[pytorch] correct input size check for GroupNorm #33008

vkhalidov · 2020-02-05T14:23:31Z

Summary:
Corrects D19373507 to allow valid use cases that fail now. Multiplies batch size by the number of elements in a group to get the correct number of elements over which statistics are computed.

Details:
The current implementation disallows GroupNorm to be applied to tensors of shape e.g. (1, C, 1, 1) to prevent cases where statistics are computed over 1 element and thus result in a tensor filled with zeros.
However, in GroupNorm the statistics are calculated across channels. So in case where one has an input tensor of shape (1, 256, 1, 1) for GroupNorm(32, 256), the statistics will be computed over 8 elements and thus be meaningful.

One use case is Atrous Spatial Pyramid Pooling (ASPPPooling), where GroupNorm could be used in place of BatchNorm here. However, now this is prohibited and results in failures.

Proposed solution consists in correcting the computation of the number of elements over which statistics are computed. The number of elements per group is taken into account in the batch size.

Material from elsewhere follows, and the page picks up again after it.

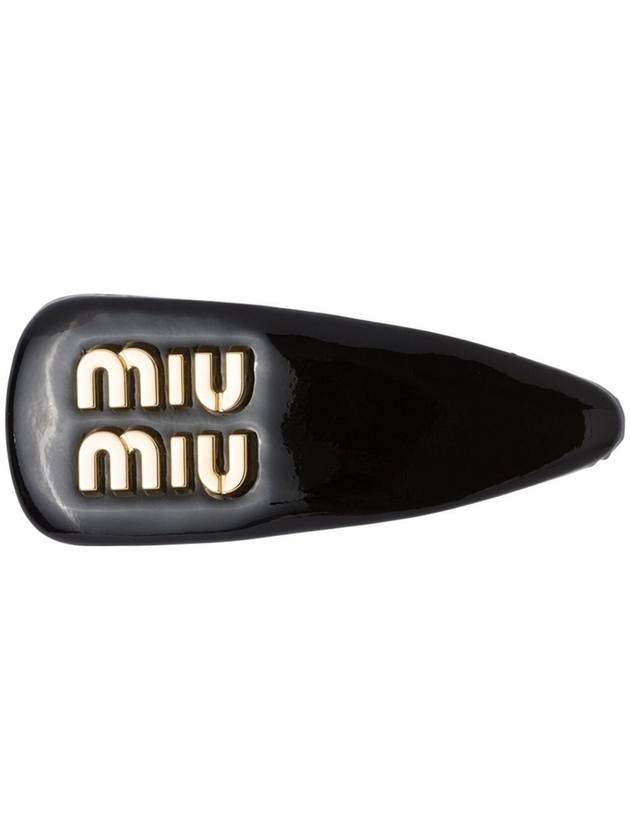 Logo Patent Leather Hair Clip Black - MIU MIU - BALAAN 2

Test Plan: check that existing tests pass

Differential Revision: D19723407

facebook-github-bot · 2020-02-05T14:23:58Z

This pull request was exported from Phabricator. Differential Revision: D19723407

ezyang · 2020-02-06T22:08:36Z

I'm not really the right reviewer for this, but this needs a test at least.

ezyang · 2020-02-06T22:10:58Z

@v0dro, you added the checks, could you please take a look at this? Thanks!

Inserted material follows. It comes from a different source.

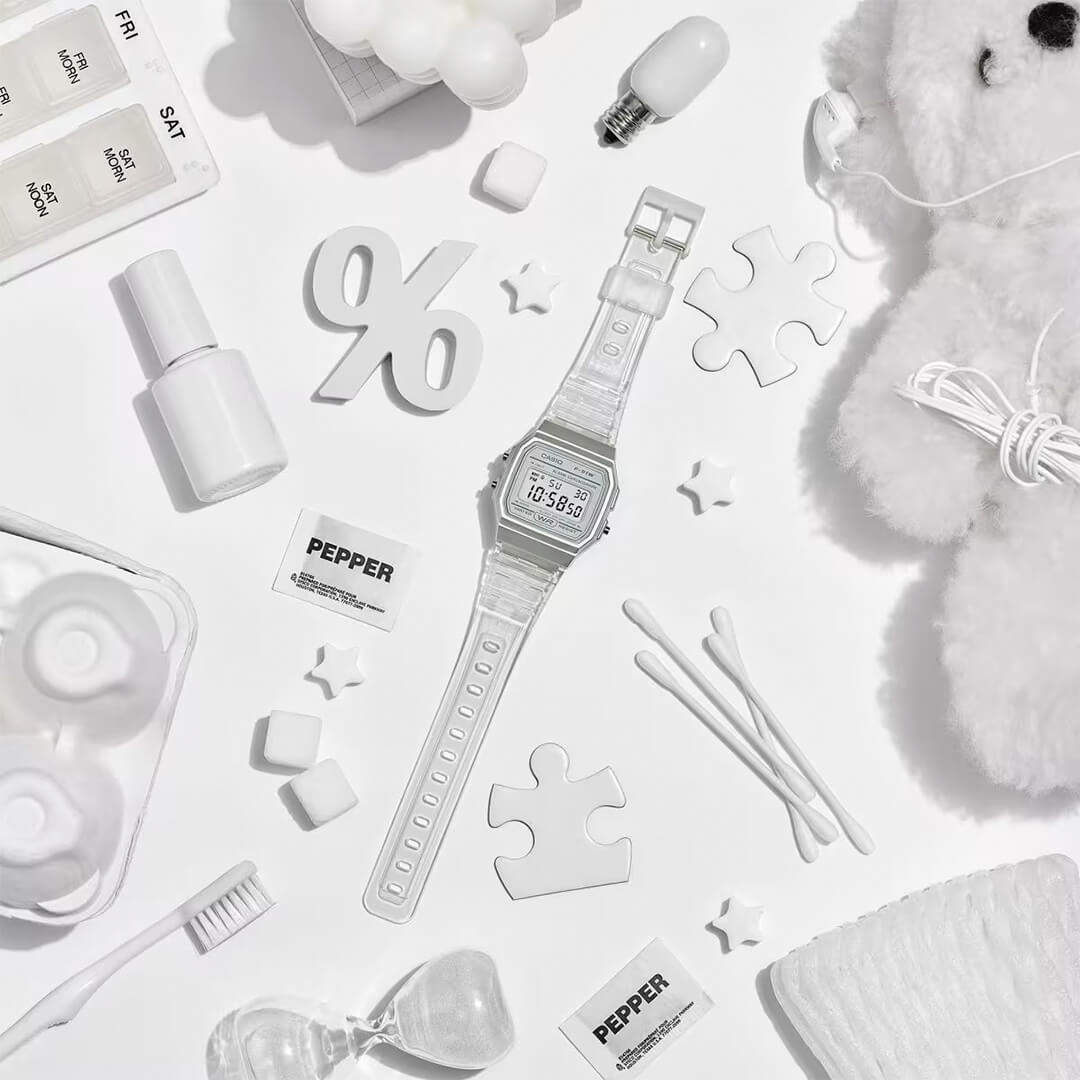 Reloj Casio F-91WS-7D Mujer Resina Transparente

Summary: Pull Request resolved: pytorch#33008 Corrects D19373507 to allow valid use cases that fail now. Multiplies batch size by the number of elements in a group to get the correct number of elements over which statistics are computed. **Details**: The current implementation disallows GroupNorm to be applied to tensors of shape e.g. `(1, C, 1, 1)` to prevent cases where statistics are computed over 1 element and thus result in a tensor filled with zeros. However, in GroupNorm the statistics are calculated across channels. So in case where one has an input tensor of shape `(1, 256, 1, 1)` for `GroupNorm(32, 256)`, the statistics will be computed over 8 elements and thus be meaningful. One use case is [Atrous Spatial Pyramid Pooling (ASPPPooling)](https://github.com/pytorch/vision/blob/791c172a337d98012018f98ffde93b1020ba3ed5/torchvision/models/segmentation/deeplabv3.py#L50), where GroupNorm could be used in place of BatchNorm [here](https://github.com/pytorch/vision/blob/791c172a337d98012018f98ffde93b1020ba3ed5/torchvision/models/segmentation/deeplabv3.py#L55). However, now this is prohibited and results in failures. Proposed solution consists in correcting the computation of the number of elements over which statistics are computed. The number of elements per group is taken into account in the batch size. Test Plan: check that existing tests pass Differential Revision: D19723407 fbshipit-source-id: 8d241d5fd8ceb32b6c985e1a501e0c806f2626bf

facebook-github-bot · 2020-02-13T23:01:11Z

This pull request was exported from Phabricator. Differential Revision: D19723407

dr-ci · 2020-02-14T00:20:39Z

💊 CircleCI build failures summary and remediations

As of commit 9983b73:

None of the build failures appear to be your fault.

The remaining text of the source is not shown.